A Boulia-based clergyman of the Australian Inland Mission named Cliff Lanham lobbied the Queensland government to have Ettie and her children relocated to an urban environment.

He drove the children to Brisbane where they fought to remain as a family unit.

"They tried to separate us," Olive said.

"They wanted to put us in different homes and Mum wouldn't allow it.

"We all wanted to stay together and she kept us all together.

"She got a little bit of help from the government but she kept us all together on her own."

A tight-knit family

Isabella said it was a special experience to follow her mother's trail with her sisters to the place where she was born.

"The memories of what her life would have been like … she was a very brave person," Isabella said.

Ettie lived in the coastal Brisbane suburb of Wynnum until she passed away in 1998.

The sisters said that caring for others was a lesson from their mother that they continued to live by.

"There was a lady who had trouble and Mum took her in and had her six kids living in her house along with all of us," Isabella said.

"That'd be a dozen different kids, all together.

"That's how Mum was.
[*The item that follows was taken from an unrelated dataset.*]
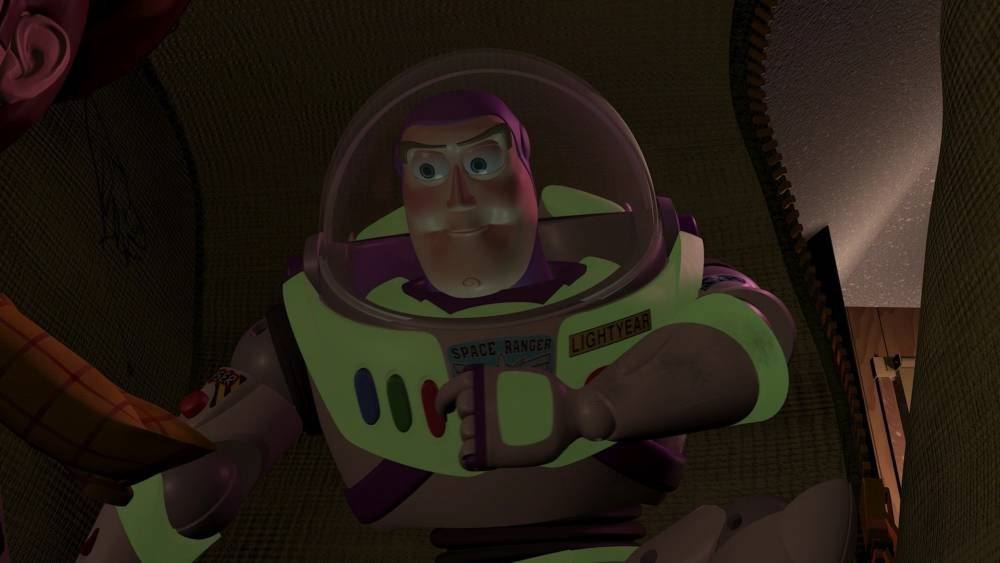 Maradandód alkotni - Toy Story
She'd take anybody in."

After nearly nine decades since they were first taken from the banks of Cooper's Creek, Ettie's remaining four children show no sign of growing apart.

"We've lost a sister and a brother but we all stayed together," Olive said.

"We argue a lot but we all have fun together, we have a great time."

On returning to Innamincka during a wet season, the sisters were in agreement: "As a holiday, it's been wonderful, except for the bloody flies".